This works well for monotone functions (e.g., increasing or decreasing), as $f(X_i)$ and $f(1 - X_i)$ are negatively correlated, reducing the variance of their average.

**Example**: To estimate the integral of $e^{-x}$ from 0 to 1, we sample $U_i \sim \text{Uniform}(0,1)$ and compute $(1/(n/2)) \sum_{i=1}^{n/2} (e^{-U_i} + e^{-(1 - U_i)})/2$. Since $e^{-x}$ is decreasing, $e^{-U_i}$ and $e^{-(1 - U_i)}$ have negative correlation, lowering variance compared to the naive estimate $(1/n) \sum_{i=1}^n e^{-U_i}$.

**Why It Works**: The variance of the antithetic estimator is:

$(1/4) [\text{Var}(f(U)) + \text{Var}(f(1 - U)) + 2 \text{Cov}(f(U), f(1 - U))]$.

Since $\text{Var}(f(1 - U)) = \text{Var}(f(U))$ and $\text{Cov}(f(U), f(1 - U))$ is negative for monotone $f$, the variance is smaller than $\text{Var}(f(U))/n$ for the naive estimator.

### 2. Control Variates

**Idea:** Control variates improve the estimate of an unknown quantity by using a related quantity with a known expected value. Suppose we want to estimate $E[m] = \mu$, where $m$ is an unbiased estimator (e.g., $m = (1/n) \sum_{i=1}^n f(X_i)$ for $f(X_i) = e^{-X_i}$). We choose a control variate $t$ with known expected value $E[t] = \tau$ (e.g., $t = (1/n) \sum_{i=1}^n X_i$, $\tau = 0.5$ for $X_i \sim \text{Uniform}(0,1)$). The control variate estimator is:

$m^* = m + c (t - \tau)$,

where $c$ is a constant chosen to minimize variance. This estimator remains unbiased because $E[m^*] = E[m] + c (E[t] - \tau) = \mu + c (\tau - \tau) = \mu$.

The variance of $m^*$ is:

$\text{Var}(m^*) = \text{Var}(m) + c^2 \text{Var}(t) + 2c \text{Cov}(m, t)$.

To minimize $\text{Var}(m^*)$, we choose the optimal coefficient:

$c^* = -\text{Cov}(m, t) / \text{Var}(t)$.

This gives the minimum variance:

$\text{Var}(m^*) = \text{Var}(m) (1 - \rho_{m,t}^2)$,

where $\rho_{m,t} = \text{Corr}(m, t)$ is the correlation between $m$ and $t$. The closer $|\rho_{m,t}|$ is to 1, the greater the variance reduction.

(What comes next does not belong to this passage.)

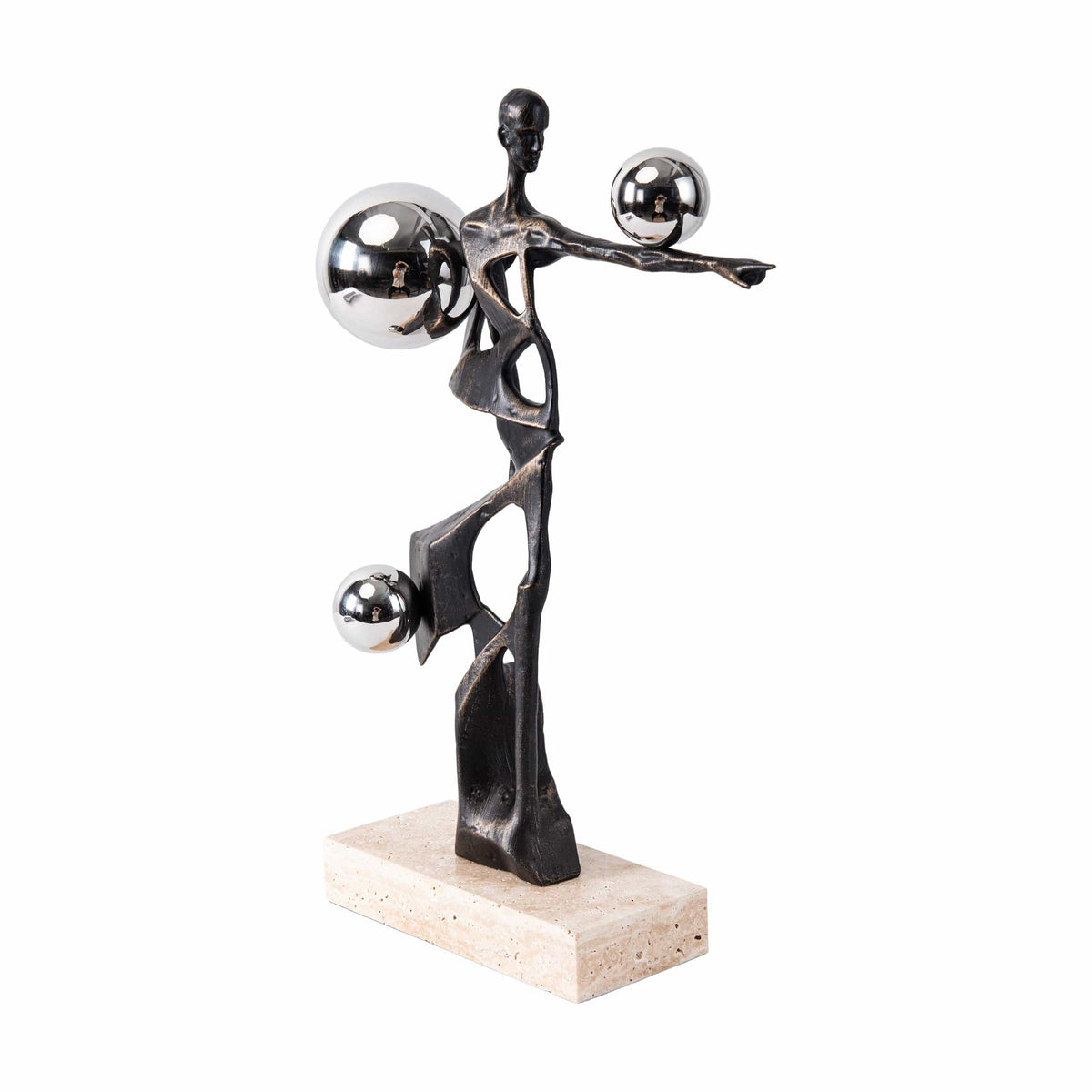 Vonbona Accessories Tancred Sculpture House of Isabella UK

**Example:** To estimate the integral of $e^{-x}$ from 0 to 1, we use $m = (1/n) \sum_{i=1}^n e^{-X_i}$, where $X_i \sim \text{Uniform}(0,1)$. We choose the control variate $t = (1/n) \sum_{i=1}^n X_i$, with known $E[t] = 0.5$. We estimate $c^* = -\text{Cov}(e^{-X}, X) / \text{Var}(X)$ from samples and compute:

$m^* = (1/n) \sum_{i=1}^n e^{-X_i} + c^* ((1/n) \sum_{i=1}^n X_i - 0.5)$.

Since $e^{-X}$ and $X$ are correlated (as $e^{-x}$ decreases with $x$), this reduces variance compared to the naive estimate.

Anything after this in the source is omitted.